1 Selon Tewfik Aclimandos, le spécialiste de l’armée égyptienne : après le discours du jeudi soir, dans lequel il a transféré ses prérogatives présidentielles au vice-président Omar Souleiman, mais sans démissionner, « l’armée a vu en lui un boulet ingérable et lui a sans doute forcé la main ».

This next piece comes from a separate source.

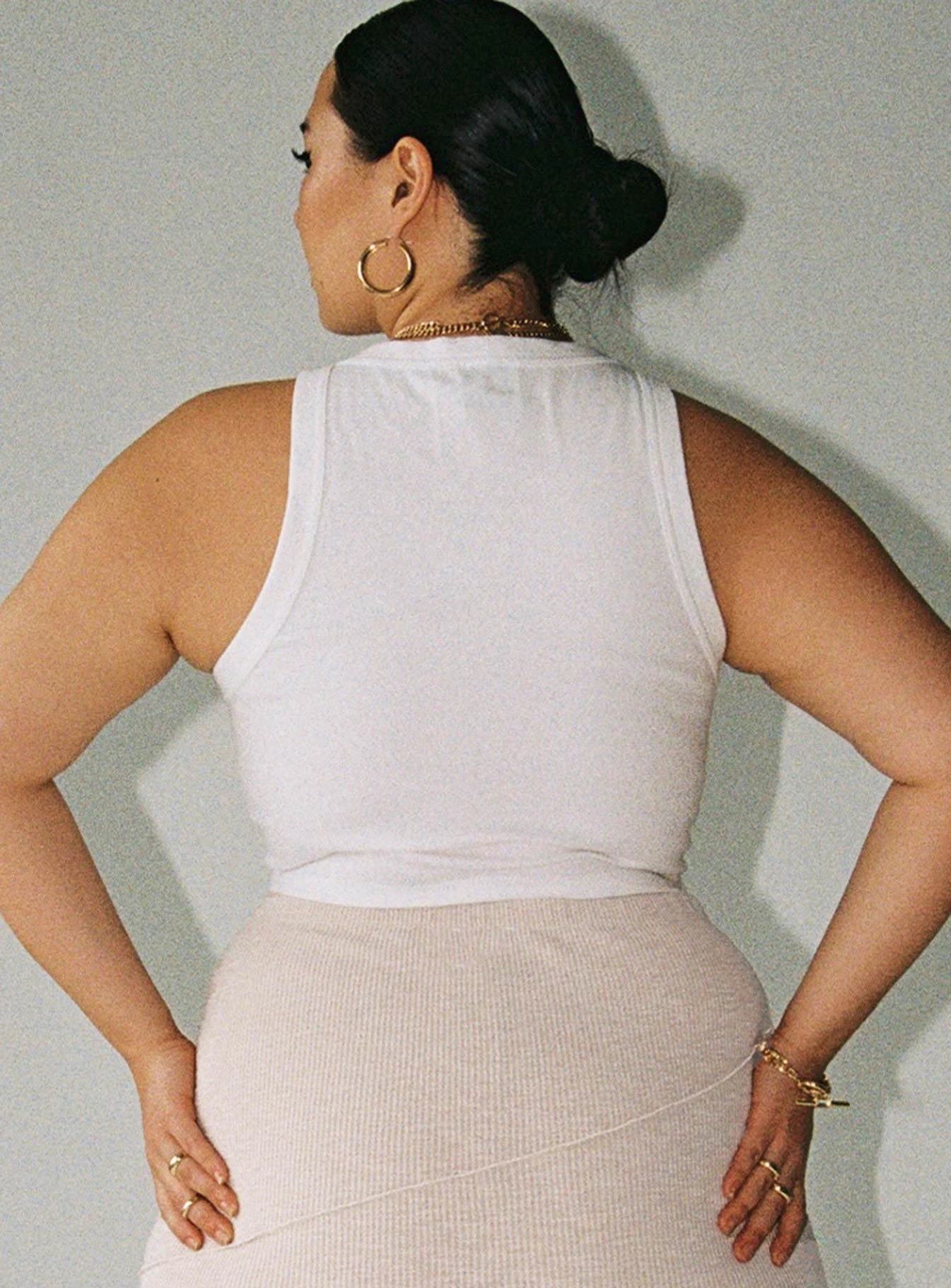 Classic Tank Top White Curve 5 Classic Tank Top White Curve - Image 5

2 C’est ce que souligne la déclaration de Barak Obama le 11 février. Extraits : « L’armée s’est exécutée de ses fonctions de gardienne de l’État avec patriotisme, et en faisant preuve du sens des responsabilités. Elle devra maintenant assurer une transition qui soit crédible aux yeux du peuple égyptien. Il s’agit donc de protéger les droits des citoyens, de lever l’état d’urgence, de réviser la constitution et les autres lois pour que ce changement soit irréversible, et tracer une voie dénuée d’ambiguïté qui débouchera sur la tenue d’élections justes et libres. Avant tout, cette transition doit rassembler toutes les voix, car l’esprit de la protestation pacifique et la persévérance dont a fait montre le peuple égyptien peuvent être un vent puissant qui facilitera le changement ».

3 C’est l’analyse de Basma Kodmani à laquelle je souscris tout à fait. Cf. « The dangers of political exclusion : Egypt’s islamist problem », Carnegie papers, n° 63, octobre 2005, 23 p.

4 Olivier Roy, « Révolution post-islamiste en Égypte », Le Monde, 12 février 2011.

5 Marc Lavergne, « En Égypte, l’armée va-t-elle s’allier aux Frères Musulmans ? », Libération, 18 février 2011.

6 Camille Le Tallec, Olivier Tallès, Marie Verdier, « Les sept raisons de la colère du monde arabe, » La Croix, 21 février 2011.

7 Cf. Jean Pierre Filiu, Les neuf vies d’al-Qaida, Paris, Fayard, 2009.

8 Sandro Magister, « Un Afghanistan en Méditerranée », La Repubblica, 23 février 2011.